Fomapan 200 'Creative'
This film, acording to Foma is an advanced negative film using 'T' grain technology similar to that of Kodak T-Max and Ilford Delta emulsions. It is a full stop faster than the 'Classic' Fomapan tested here
The above image was taken in very bright sunlight at around mid-day metering for the shadow area and closing down 2 stops. The negative shows good shadow detail and highlight separation with fractionally more contrast than the Fomapan 100 Classic when processed at the recomended times. I think this film would be excellent in winter or in dull flat light. I found that Foma 200 was pretty much 'box speed' at the first testing, although recently I have been downrating it to EI 160 which in my seems to give slightly better images.
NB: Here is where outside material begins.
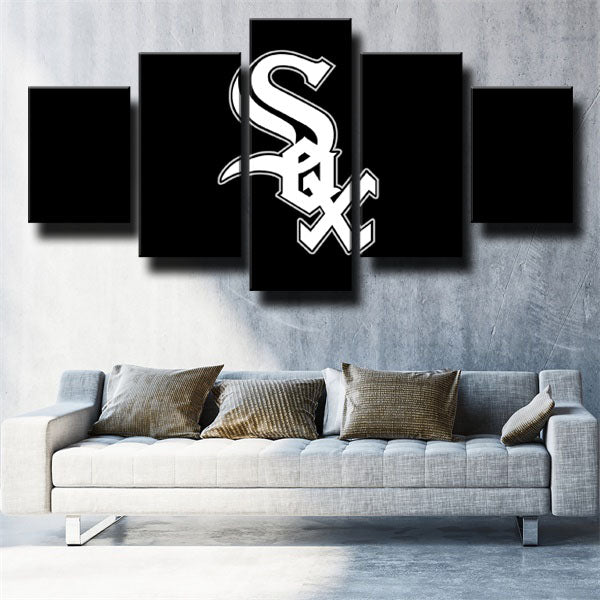 Chicago White Sox Simple Emblem Canvas Wall Art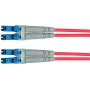 Telegärtner LC į LC daugiamodis OM3 dvigubas optinis pataisos kabelis, 1m, akvamarino spalvos L00870A0003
I processed the film in Agfa Rodinal at 1:50 for 8 mins with 2 inversions per min.
And the 100% crop
Looking at the crops I would say that the grain of this film is very fine certainly similar to FP4 which is around a stop slower, accutance is also pretty good if this is a T grain type film
The light and shade in the following shot show how well the film handles a scene with wide range, there is detail present in both the shadow and highlight on the print
The following shot of a door was taken in shadow, and on my monitor looks to have a lovely rich tone
I like the 'Creative 200' its a full stop faster than the Fomapan Classic and is a higher contrast emulsion with similar grain, possibly slightly more compressed tonanally than the Classic.
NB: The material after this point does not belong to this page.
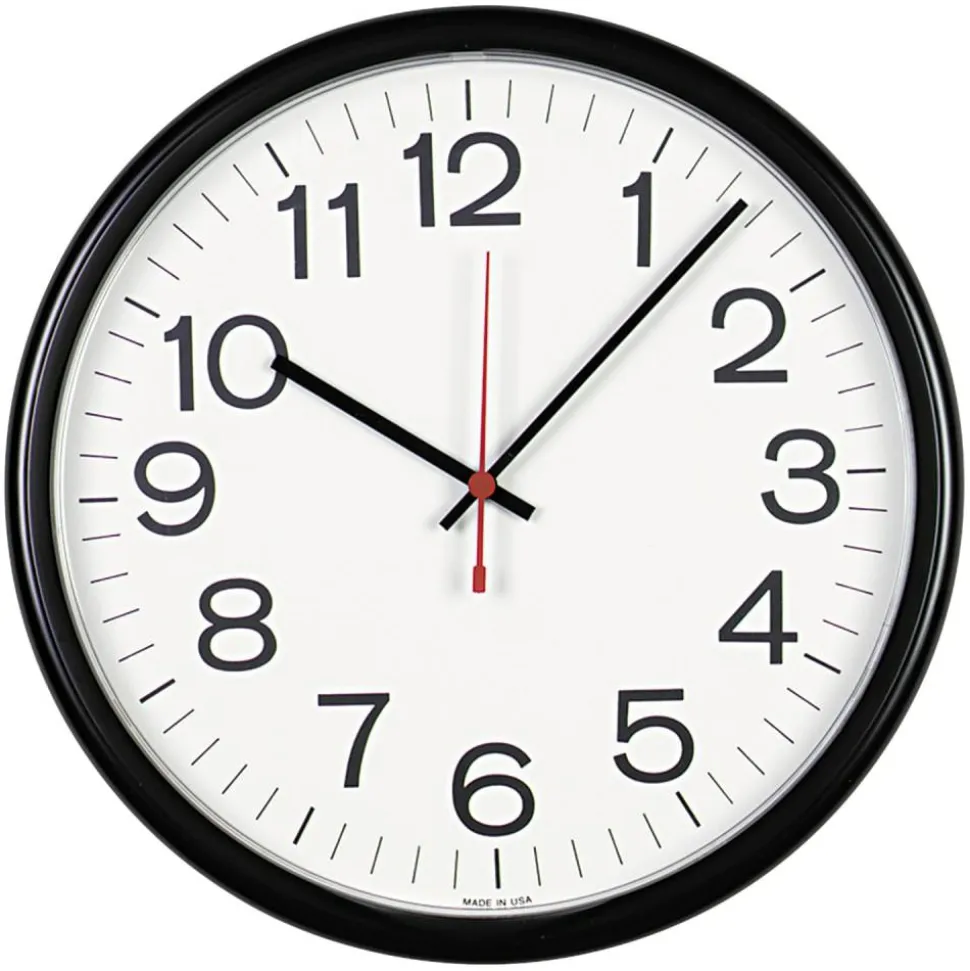 Universal Indoor/Outdoor Clock, 13 1/2", Black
One thing I'd like to add, I'm not sure about the manufacterers claims that this is a T grain film, it behaves more like conventional emulsions (which is good) but doesn't quite have the smooth fine grain structure of say T-Max 100.
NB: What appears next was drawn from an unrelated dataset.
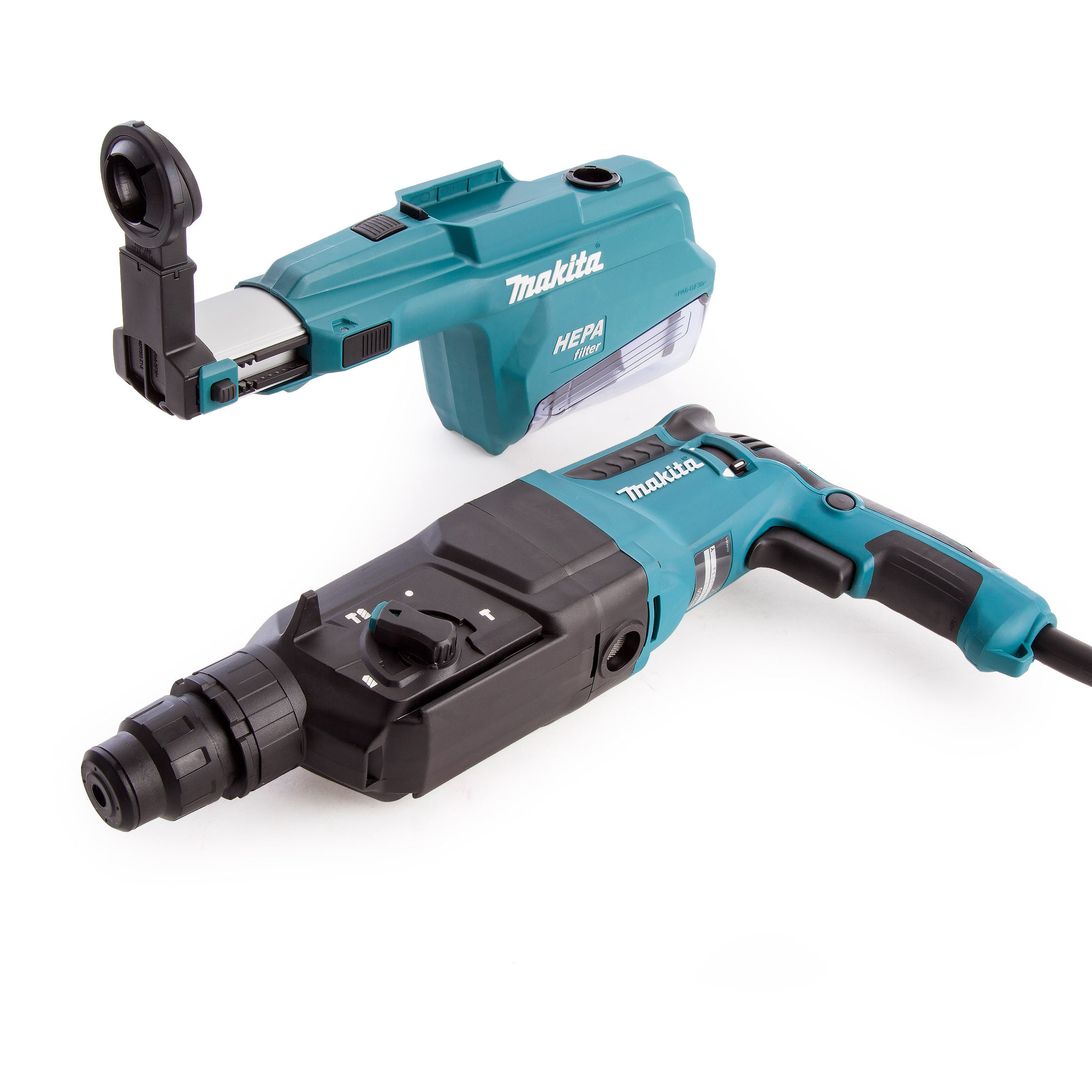 Toolstop Makita HR2651 26mm SDS+ 3 Mode AVT Rotary Hammer with Self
Makes me wonder is this film a T emulsion mixed with cubic grains? or is the grain less tabular than the Kodak?
Foma had problems with this emulsion with some users experiencing pin hole emulsion defects. Their response was to stop production and my sources tell me the emulsion and the machinery has been changed in an effort to cure the problem.
Recently the film was re-introduced, and seems to be on a different base, and the actual sensitivity seems slightly lower. The film was out of production for several years, any film in stock currently will certainly be from the new improved emulsion.
On a separate note the make up of the film is certainly a combination of traditional cubic grains (slow record layer) with an over layer of tabular type grains (faster record) which seem to be similar to the Ilford and Fuji Epitaxial type.